И наконец, последняя примета. Пролетарии обожают, чтобы их называли «мистер Имя Фамилия». Поэтому к пролетариям, которые сумели в жизни чего-то добиться, на публике обычно обращаются именно так, сколь бы странно это ни звучало для образованных слоев. Потому мы слышим «мистер Фрэнк Синатра» и «мистер Говард Коселл». Или по радио – «Дамы и господа, <многозначительная пауза>, мистер Фрэнк Пурдью».

В каждом классе есть словцо или словосочетание, которое вернее всего задевает его душевные струны. Для высшего класса, пожалуй, это слова «надежный» и «ликвидный». Для высше-среднего класса – «как надо» и «правильно»: «Я хочу, чтобы на свадьбе Маффи все прошло как надо». Средний класс тоже любит выражение «как надо», но слова, вызывающие настоящий трепет, – это «роскошный» и «люкс» («Эта роскошная однокомнатная квартира-люкс»). «Безупречный» тоже в фаворе у среднего класса (безупречный пол, белье, кишечник и т.д.). Высший слой пролетариата легко клюнет на что-то «простое» – простые условия, шесть простых уроков. А слои ниже – на «бесплатное»: «Мы никогда не делаем ничего бесплатно», сказала одна домохозяйка из нижних слоев.

Описанные примеры словоупотреблений в различных классах должны убедить наиболее чутких читателей не только в том, что в нашей стране есть жесткая система социальных классов, но и в том, что через лингвистические барьеры удается перешагнуть лишь изредка и с огромным трудом.

Практически бездонная социальная пропасть лежит между теми, кто говорит «Have a nice day» («Хорошего дня!»), и теми, кто прощается, напротив, простым «Good bye» («До свидания»); теми, кто при знакомстве говорит «Pleased to meet you» («Рад с вами познакомиться»), и теми, кто говорит «How do you do?» («Как вы поживаете?»). Между теми, кто считает, будто «momentarily» означает «через секунду/ минуту» (как, допустим, капитал воздушного судна, объявляющий по громкой связи: «We’ll be taking off momentarily, folks» («Через минуту взлетаем, друзья») и теми, кто знает, что на самом деле слово означает «на секунду/минуту», может возникнуть мимолетная приязнь, но едва ли она выдержит какие-нибудь превратности судьбы. Это как хрупкая ниточка, связывающая тех, кто считает слово type прилагательным (She is a very classy type person), и теми, кто знает, что в этой форме оно может быть только существительным или глаголом.

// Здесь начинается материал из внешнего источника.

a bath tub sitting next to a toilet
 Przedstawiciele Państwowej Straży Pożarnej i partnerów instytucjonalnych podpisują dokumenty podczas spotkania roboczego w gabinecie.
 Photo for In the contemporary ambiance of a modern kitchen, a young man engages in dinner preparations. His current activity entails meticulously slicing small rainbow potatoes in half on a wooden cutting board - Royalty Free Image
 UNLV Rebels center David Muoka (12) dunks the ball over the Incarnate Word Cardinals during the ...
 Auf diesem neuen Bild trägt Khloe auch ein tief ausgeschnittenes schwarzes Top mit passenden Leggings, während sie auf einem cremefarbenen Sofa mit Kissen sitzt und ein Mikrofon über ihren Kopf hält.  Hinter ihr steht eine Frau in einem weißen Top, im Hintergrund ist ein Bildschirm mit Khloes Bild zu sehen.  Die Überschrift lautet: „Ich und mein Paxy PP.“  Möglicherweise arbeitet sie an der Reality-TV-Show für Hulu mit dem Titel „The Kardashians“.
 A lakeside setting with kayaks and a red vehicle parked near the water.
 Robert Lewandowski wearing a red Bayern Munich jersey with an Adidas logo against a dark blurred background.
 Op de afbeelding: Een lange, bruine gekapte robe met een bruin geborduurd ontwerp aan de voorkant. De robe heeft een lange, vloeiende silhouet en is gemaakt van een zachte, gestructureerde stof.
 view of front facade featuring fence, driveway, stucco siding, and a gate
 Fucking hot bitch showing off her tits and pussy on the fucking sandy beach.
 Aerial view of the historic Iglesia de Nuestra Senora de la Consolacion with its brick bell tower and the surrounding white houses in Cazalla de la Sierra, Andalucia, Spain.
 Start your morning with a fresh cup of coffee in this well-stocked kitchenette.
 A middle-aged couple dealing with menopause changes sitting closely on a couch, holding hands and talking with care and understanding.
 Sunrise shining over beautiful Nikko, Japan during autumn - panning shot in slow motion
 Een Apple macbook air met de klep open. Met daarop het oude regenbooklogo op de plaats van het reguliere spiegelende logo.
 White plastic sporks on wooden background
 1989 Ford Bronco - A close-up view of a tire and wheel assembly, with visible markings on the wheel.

Печально, что к тому времени, как человек вырастает, эти ярлыки уже почти невозможно изменить или отбросить. Мы крепко увязаем на всю жизнь в том классе, в каком росли и воспитывались. Даже если запомнить все приведенные выше случаи словоупотребления, заучить все характерные для высшего класса выражения и отречься от тех, что звучат в низших классах, – проку будет мало.